Em primeiro logar não devemos esquecer-nos que a régie franceza é uma das manifestações da grande centralisação que ha um século domina n'aquelle paiz.
Todos sabem que a França, atraves dos differentes regimens governativos, que ha cem annos tem tido; atraves das diversas dificuldades que tem atravessado a sua politica interna e externa; atraves de todas as suas revoluções; atraves de todas as convulsões sociaes que a têem dilacerado, salvou sempre o principio da centralisação, herança commum dos seus partidos de governo, quer se chamem radicaes quer conservadores.

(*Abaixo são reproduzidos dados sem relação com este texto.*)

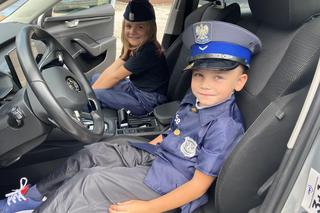 Wyjątkowa wizyta 7-letniego bohatera. Lucjan pojawił się w Komendzie Miejskiej Policji w Toruniu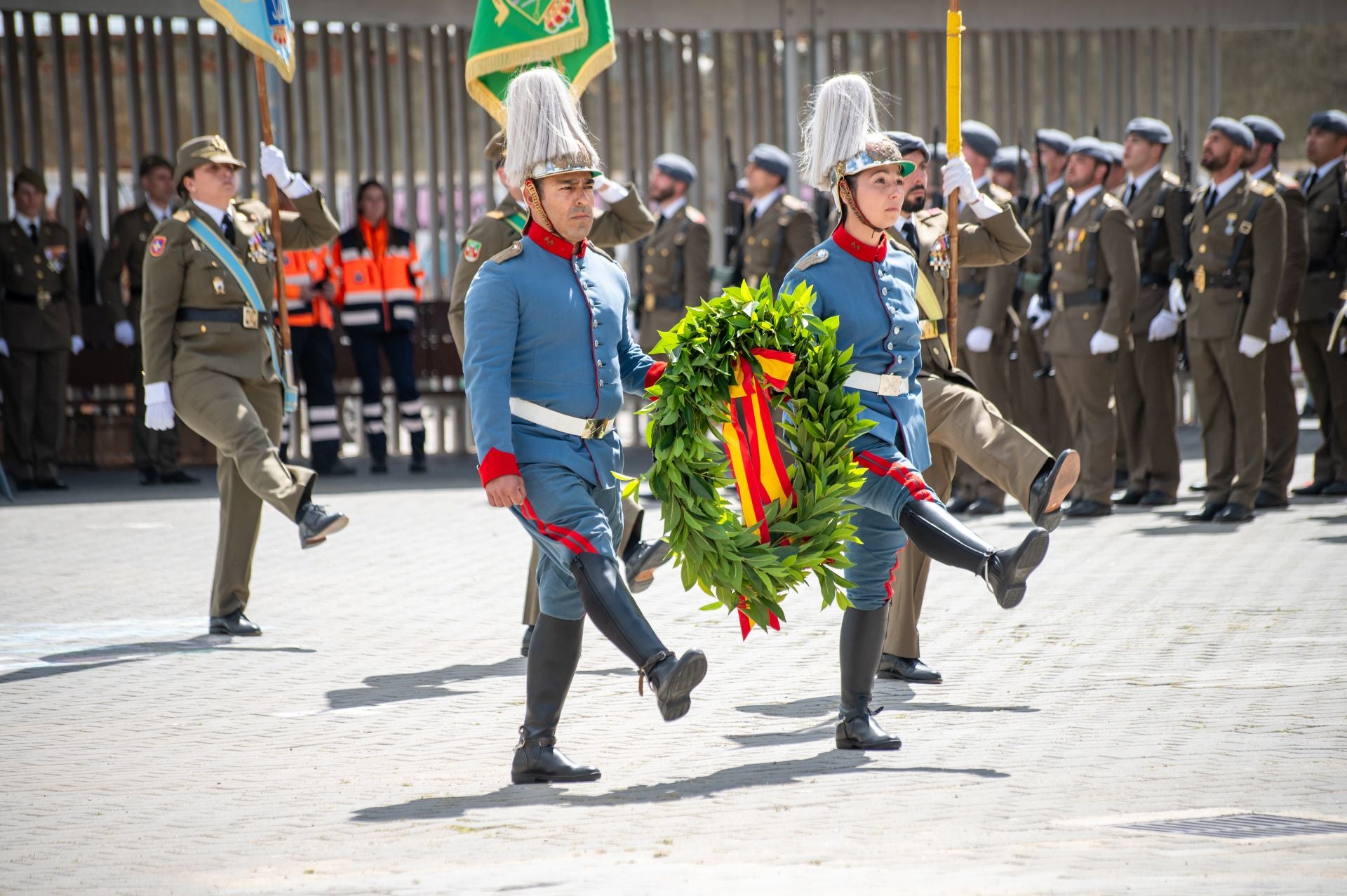 Los vecinos de Villamuriel juran fidelidad a la bandera de España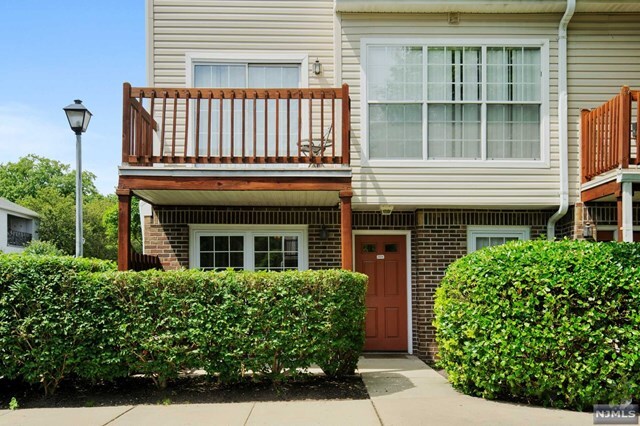 Building Photo - 1428 Westgate Dr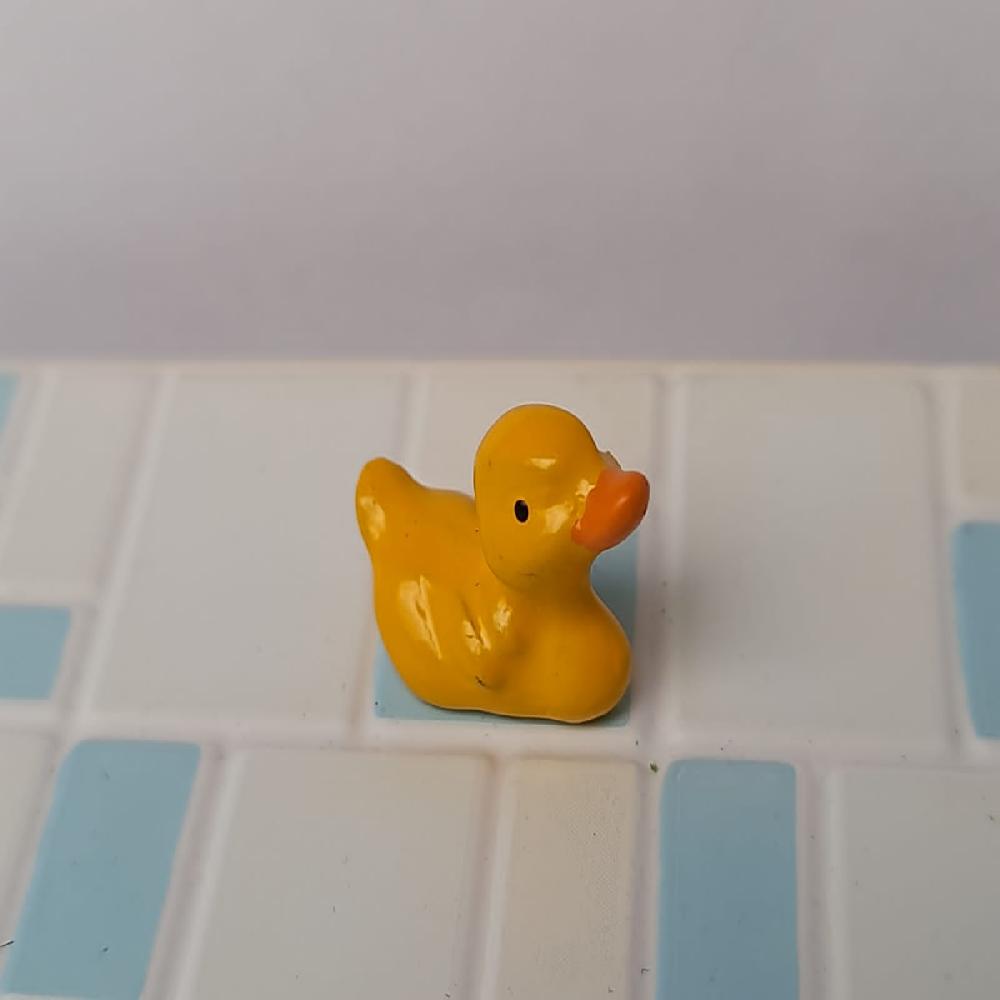 PATITO DE JUGUETE 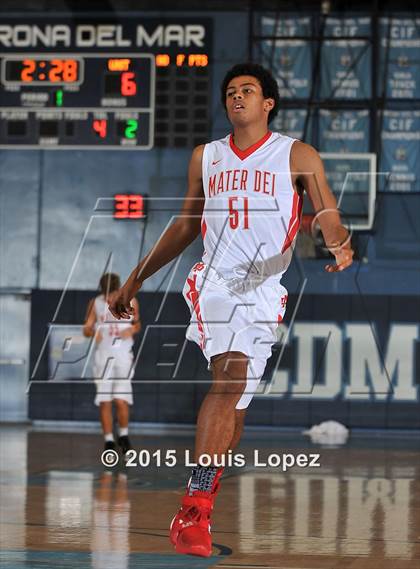 Thumbnail 1 in Whittier vs. Mater Dei photogallery.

Ora a régie é uma das manifestações d'esta centralisação, e ao mesmo tempo encontra n'ella o seu principal esteio.

Poderá a régie portugueza encontrar igual apoio? De certo que não!
Portugal não é, como a França, um paiz centralisado, Portugal ó um paiz administrativamente desorganisado!

Alem d'isso a régie franceza não é organismo que nascesse completo, de um só jacto, tal como hoje se encontra.

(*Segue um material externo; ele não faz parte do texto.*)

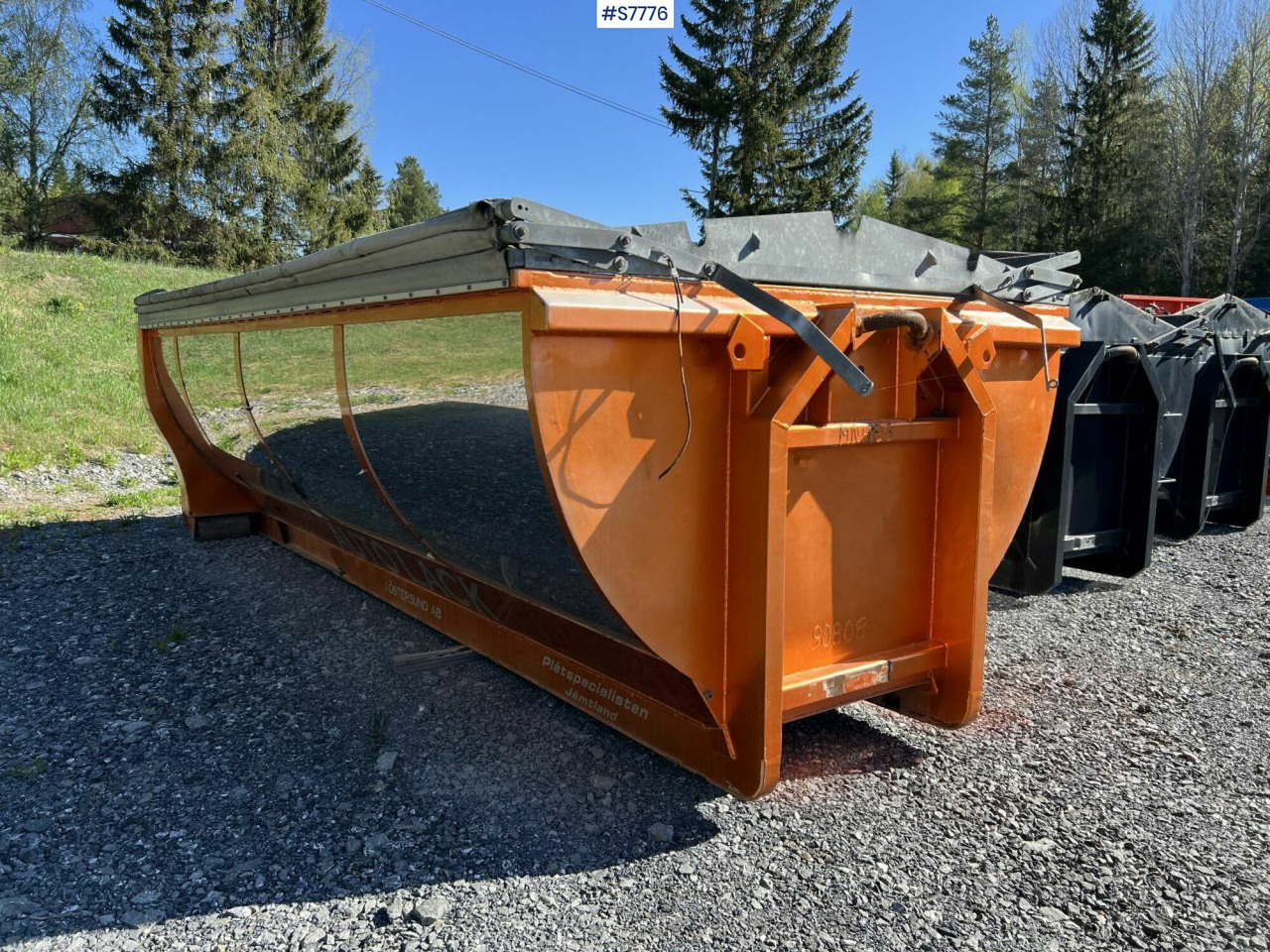 Balticum Frinab LV-13,5 Asphalt flatbed - حاوية هوك لفت: صور 1 Balticum Frinab LV-13,5 Asphalt flatbed - حاوية هوك لفت: صور 1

Essa régie tem-se aperfeiçoado pouco a pouco, e o que é no momento actual não o era em 1811, anno em que foi decretada! (Apoiados.)

Ora, admittmdo, na melhor das hypotheses, que Portugal possa vir a adquirir a capacidade administrativa sufficiente para, n'um certo tempo, ter a sua régie organisada como a franceza, ainda assim será necessaria a indispensavel aprendizagem, que levará annos, porque, apesar de todas as vantagens especiaes que tinha a França para tal organisação, passou por largos annos de aprendizado o actual regimen de tabacos que ali vigora.

O sr. Marianno de Carvalho, ou qualquer outro ministro da fazenda poderão no entretanto dispensar no orçamento o que nos primeiros tempo a régie nos vae custar? De certo que não, visto que foi para obter maior rendimento do que o produzido pelo regimen da liberdade que s. exa. alterou a legislação dos tabacos.